There is no one ‘right’ way to de-identify data. There are many de-identification techniques that can protect privacy and ensure data is still useful for its intended purpose.
Selecting an effective de-identification technique, or a combination of techniques, requires a sound understanding of the data itself. Direct identifiers in data are likely to be obvious (such as name, address, driver licence number, telephone number). However, data can also contain other unique values that, while not personal information on their own, can quickly identify an individual when linked with external ‘auxiliary information’.
De-identification is not just removing obvious personal information. Simply removing direct identifiers, like names and date of birth, is not always sufficient to adequately de-identify data and manage re-identification risk.
Some de-identification techniques include:
Agencies should seek expert advice to understand their data and determine the appropriate de-identification technique(s).
Agencies can face a privacy/utility trade-off when de-identifying data.

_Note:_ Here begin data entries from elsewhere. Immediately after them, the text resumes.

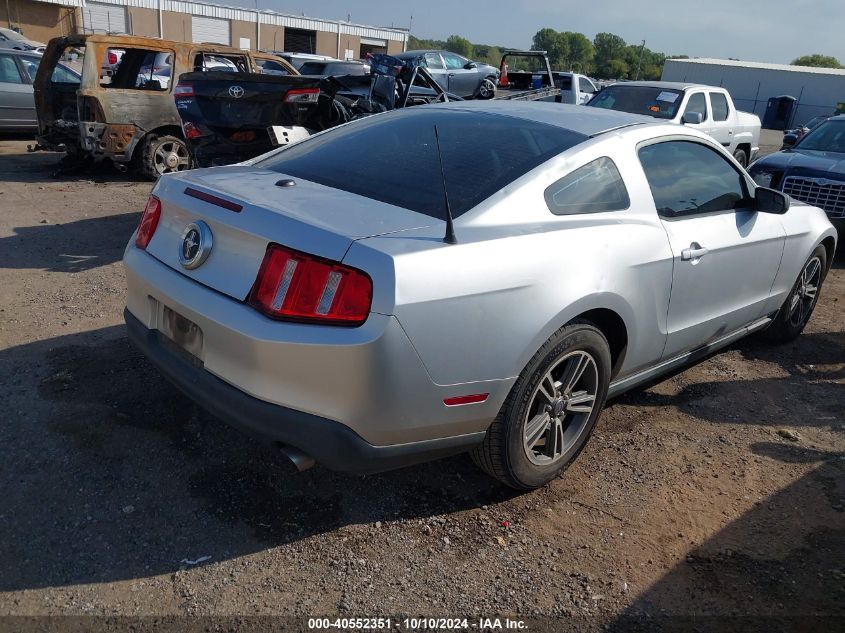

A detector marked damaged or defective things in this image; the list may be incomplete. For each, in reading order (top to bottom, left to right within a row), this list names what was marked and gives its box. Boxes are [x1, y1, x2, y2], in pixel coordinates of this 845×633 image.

burnt vehicle [33, 35, 296, 177]
burnt vehicle [174, 54, 458, 168] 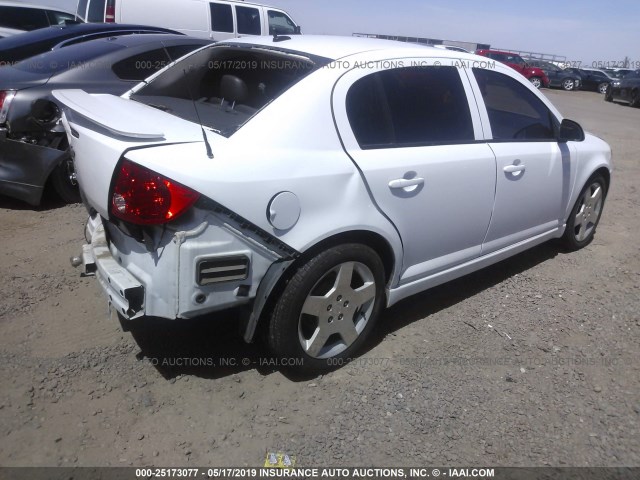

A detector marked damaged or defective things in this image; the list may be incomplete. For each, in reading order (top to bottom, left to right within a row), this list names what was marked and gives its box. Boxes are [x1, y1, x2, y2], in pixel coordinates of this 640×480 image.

damaged gray car [0, 32, 210, 205]
damaged white car [52, 35, 612, 374] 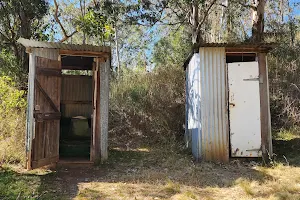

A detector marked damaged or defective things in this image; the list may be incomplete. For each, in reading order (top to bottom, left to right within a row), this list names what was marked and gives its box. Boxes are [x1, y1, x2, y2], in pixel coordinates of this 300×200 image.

rusty metal panel [61, 76, 92, 118]
rusty metal panel [198, 47, 229, 162] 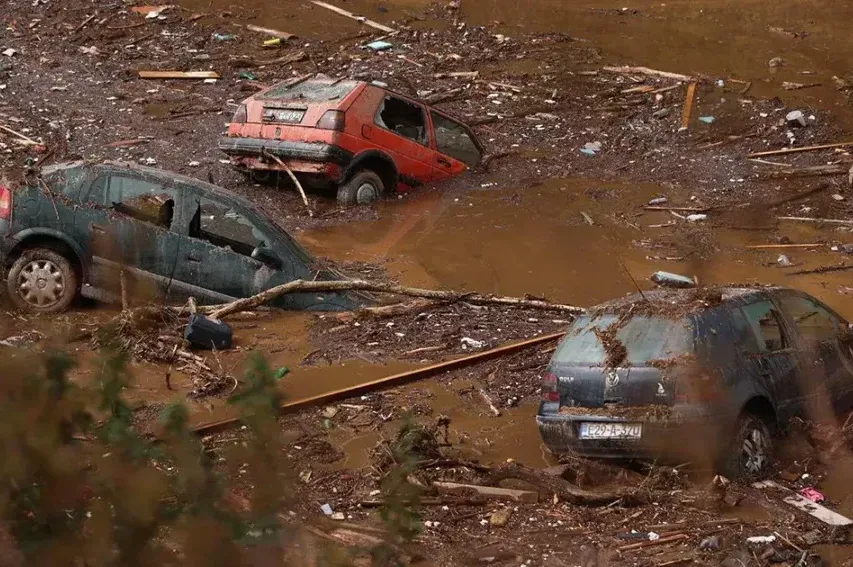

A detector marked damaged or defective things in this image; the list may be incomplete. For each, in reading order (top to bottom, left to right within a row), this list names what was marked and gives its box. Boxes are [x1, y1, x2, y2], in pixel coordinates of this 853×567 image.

broken car window [372, 95, 426, 145]
broken car window [432, 110, 480, 164]
broken car window [89, 174, 177, 230]
broken car window [191, 195, 268, 258]
broken car window [552, 316, 692, 368]
broken car window [744, 304, 788, 352]
broken car window [780, 296, 840, 344]
rusty metal rail [189, 330, 564, 438]
damaged bumper [536, 408, 724, 462]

It may be tempting to extensively de-identify data to lower re-identification risk, particularly where there are significant threats in the external environment. However, this can introduce new problems.
Effective de-identification may reduce data utility. In some cases, de-identification may render data useless, or potentially misleading. Agencies must balance this trade-off when applying de-identification techniques.
De-identification is one way to manage privacy risks when sharing data. Agencies can also implement technical and administrative controls to manage the ‘who’, ‘what’, ‘where’, and ‘how’ of accessing information.
Applying administrative safeguards and controls can reduce the risk of re-identification and better preserve the utility or richness of the data being released.
Examples of administrative controls and safeguards include:
A re-identification event may breach the IP Act and disclose personal information about individuals. It also has the potential to undermine public trust in government and discourage other agencies from sharing information.
Re-identification often occurs when data is combined with external ‘auxiliary information’ to reveal information about an individual.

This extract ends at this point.